Seventy percent of the efforts focused on chuck and round, including new value-added beef products. This is consistent with the beef industry`s objective to increase overall carcass value.
"Our efforts are having a huge, positive impact on beef visibility in the media," according to Don Wagner, a beef producer and auction market operator from Corydon, Iowa, and chairman of the beef industry`s Information Committee. "Using public relations to generate good publicity has given a tremendous boost to our overall marketing program."

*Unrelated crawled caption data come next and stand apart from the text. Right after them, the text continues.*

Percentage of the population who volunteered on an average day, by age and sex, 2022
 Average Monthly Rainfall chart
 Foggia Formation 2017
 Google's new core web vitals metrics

Marlys Bielunski, NCBA director of Food Communications, says there are several individual projects that helped lead to the program`s success. A partnership with the Associated Press (AP), for instance, led to 10 recipe releases picked up by newspapers with a combined circulation of 83 million. One very successful AP release called Star Spangled Cheeseburgers was placed in 389 newspapers with combined circulation of 14.7 million.
Four full-color newspaper editorial pages produced through the NCBA Food Communications program reached 42.7 million consumers during the year. Ad equivalency value of these pages, which were co-funded by other food companies and organizations, was $3.7 million.
Placements also were made in key magazines such as Better Homes and Gardens, Good Housekeeping, Family Circle, Midwest Living, Parade, Woman`s World, Ladies` Home Journal, Cooking Light and Bon Appetit. Nine major magazines featured beef on their covers in the past year, thanks to checkoff efforts.
"Our broad-based media work is built on long-standing relationships with many people in media and the food business," says Bielunski. "We`ve developed a lot of trust with these individuals and publications. They know they can depend on NCBA to provide them with high quality beef materials, accurate information and delicious recipe ideas and serving suggestions."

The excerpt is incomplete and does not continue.